Store sensitive configuration data in Amazon Secrets Manager - Amazon EMR
Services or capabilities described in Amazon Web Services documentation might vary by Region. To see the differences applicable to the China Regions, see Getting Started with Amazon Web Services in China (PDF).

Store sensitive configuration data in Amazon Secrets Manager

The Amazon EMR describe and list API operations that emit custom configuration data (such as DescribeCluster and ListInstanceGroups) do so in plaintext. Amazon EMR integrates with Amazon Secrets Manager so that you can store your data in Secrets Manager and use the secret ARN in your configurations. This way, you don't pass sensitive configuration data to Amazon EMR in plaintext and expose it to external APIs. If you indicate that a key-value pair contains an ARN for a secret stored in Secrets Manager, Amazon EMR retrieves this secret when it sends configuration data to the cluster. Amazon EMR doesn't send the annotation when it uses external APIs to display the configuration.

Create a secret

To create a secret, follow the steps in Create an Amazon Secrets Manager secret in the Amazon Secrets Manager User Guide. In Step 3, you must choose the Plaintext field to enter your sensitive value.

Note that while Secrets Manager allows a secret to contain up to 65536 bytes, Amazon EMR limits the combined length of the property key (excluding the annotation) and the retrieved secret value to 1024 characters.

Grant Amazon EMR access to retrieve the secret

Amazon EMR uses an IAM service role to provision and manage clusters for you. The service role for Amazon EMR defines the allowable actions for Amazon EMR when it provisions resources and performs service-level tasks that aren’t performed in the context of an Amazon EC2 instance running within a cluster. For more information about service roles, see Service role for Amazon EMR (EMR role) and Customize IAM roles.

To allow Amazon EMR to retrieve the secret value from Secrets Manager, add the following policy statement to your Amazon EMR role when you launch your cluster.

{ "Sid":"AllowSecretsRetrieval", "Effect":"Allow", "Action":"secretsmanager:GetSecretValue", "Resource":[ "arn:aws:secretsmanager:<region>:<aws-account-id>:secret:<secret-name>" ] }

If you create the secret with a customer-managed Amazon KMS key, you must also add kms:Decrypt permission to the Amazon EMR role for the key that you use. For more information, see Authentication and access control for Amazon Secrets Manager in the Amazon Secrets Manager User Guide.

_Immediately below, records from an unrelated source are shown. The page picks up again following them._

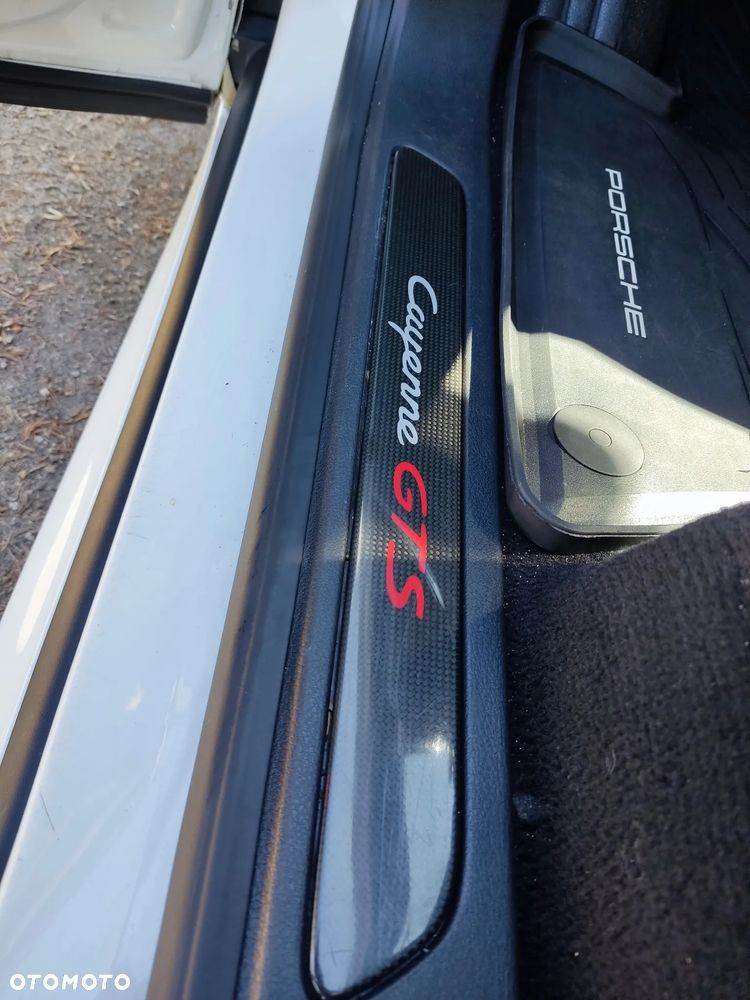 Porsche Cayenne - 20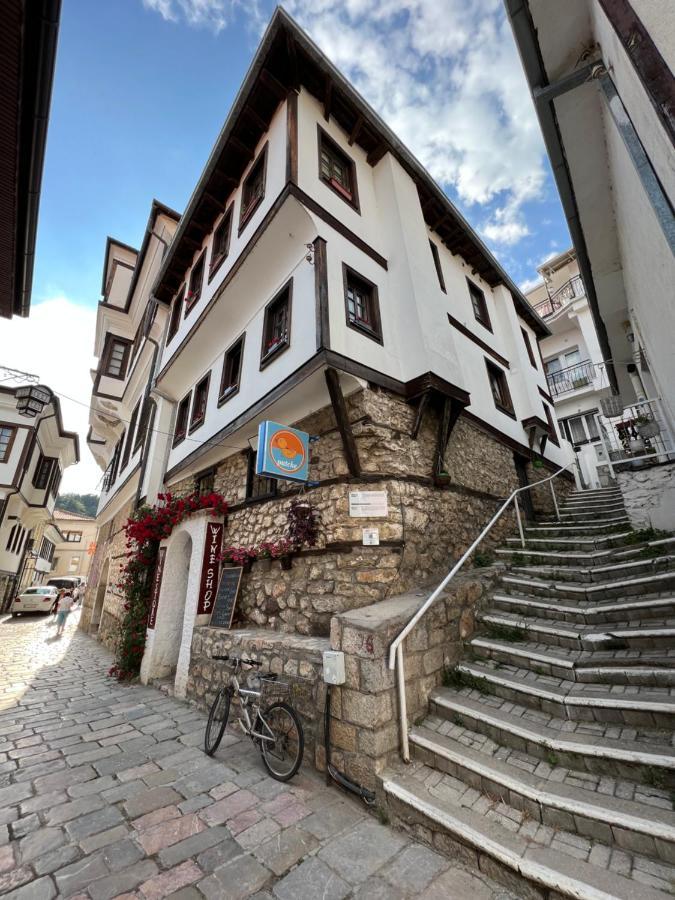 Patche Residence - A Wine Cellar Hideaway In The Historic Home Of Revolutionary Metodi Patche Охрид Экстерьер фото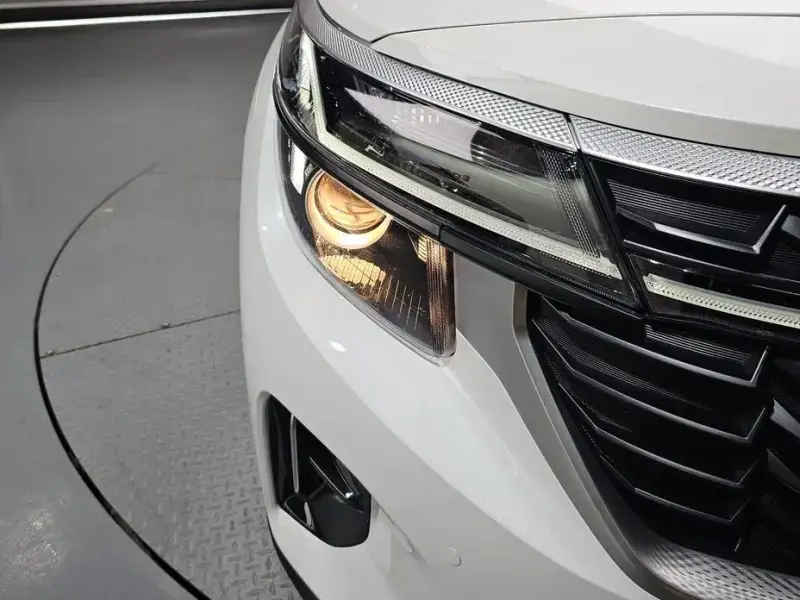 2025 Kia Seltos с пробегом 14 141 км
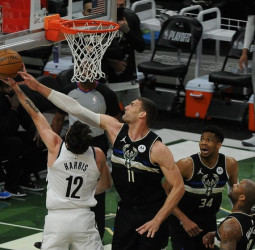Entre Antetokounmpo y Middleton fuerzan el séptimo (104-89) [3-3]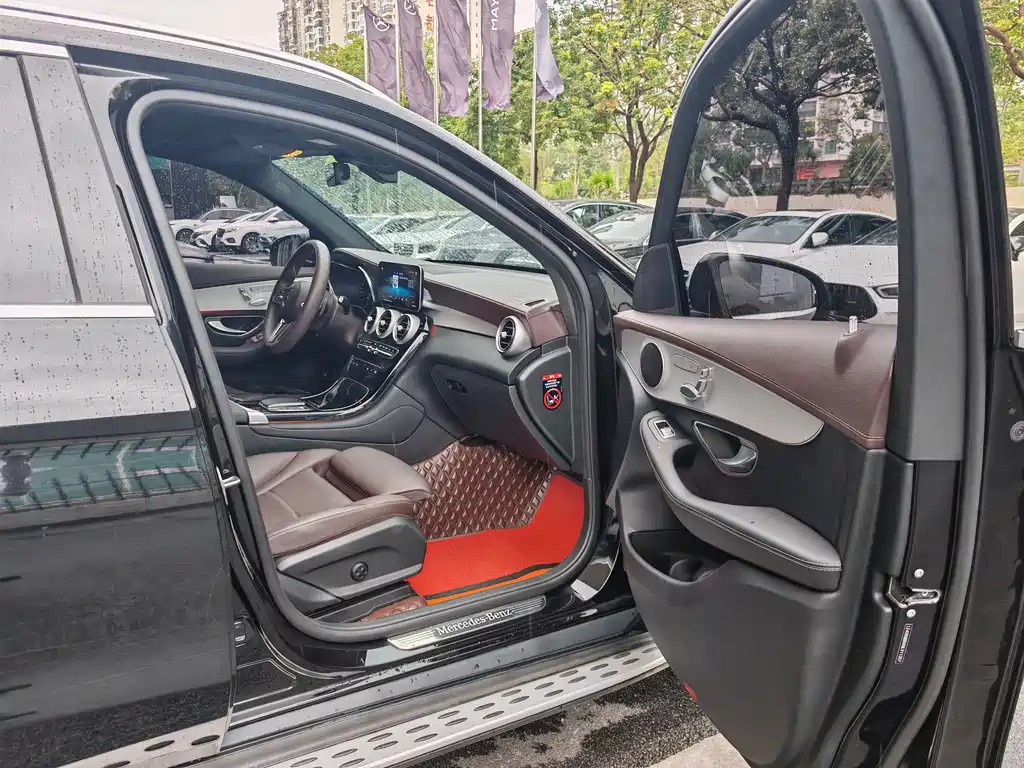 Mercedes-Benz GLC - фото 20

Use the secret in a configuration classification

You can add the EMR.secret@ annotation to any configuration property to indicate that its key-value pair contains an ARN for a secret stored in Secrets Manager.

The following example shows how to provide a secret ARN in a configuration classification:

{ "Classification":"core-site", "Properties":{ "presto.s3.access-key":"<sensitive-access-key>", "EMR.secret@presto.s3.secret-key":"arn:aws:secretsmanager:<region>:<aws-account-id>:secret:<secret-name>" } }

When you create your cluster and submit your annotated configuration, Amazon EMR validates the configuration properties. If your configuration is valid, Amazon EMR strips the annotation from the configuration and retrieves the secret from Secrets Manager to create the actual configuration before applying it to the cluster:

{ "Classification":"core-site", "Properties":{ "presto.s3.access-key":"<sensitive-access-key>", "presto.s3.secret-key":"<my-secret-key-retrieved-from-Secrets-Manager>" } }

When you call an action like DescribeCluster, Amazon EMR returns the current application configuration on the cluster. If an application configuration property is marked as containing a secret ARN, then the application configuration returned by the DescribeCluster call contains the ARN and not the secret value. This ensures that the secret value is only visible on the cluster:

{ "Classification":"core-site", "Properties":{ "presto.s3.access-key":"<sensitive-access-key>", "presto.s3.secret-key":"arn:aws:secretsmanager:<region>:<aws-account-id>:secret:<secret-name>" } }

Update the secret value

Amazon EMR retrieves the secret value from an annotated configuration whenever the attached instance group is starting, reconfiguring, or resizing. You can use Secrets Manager to modify the value of a secret used in the configuration of a running cluster. When you do, you can submit a reconfiguration request to each instance group that you want to receive the updated value. For more information on how to reconfigure an instance group, and things to consider when you do it, see Reconfigure an instance group in a running cluster.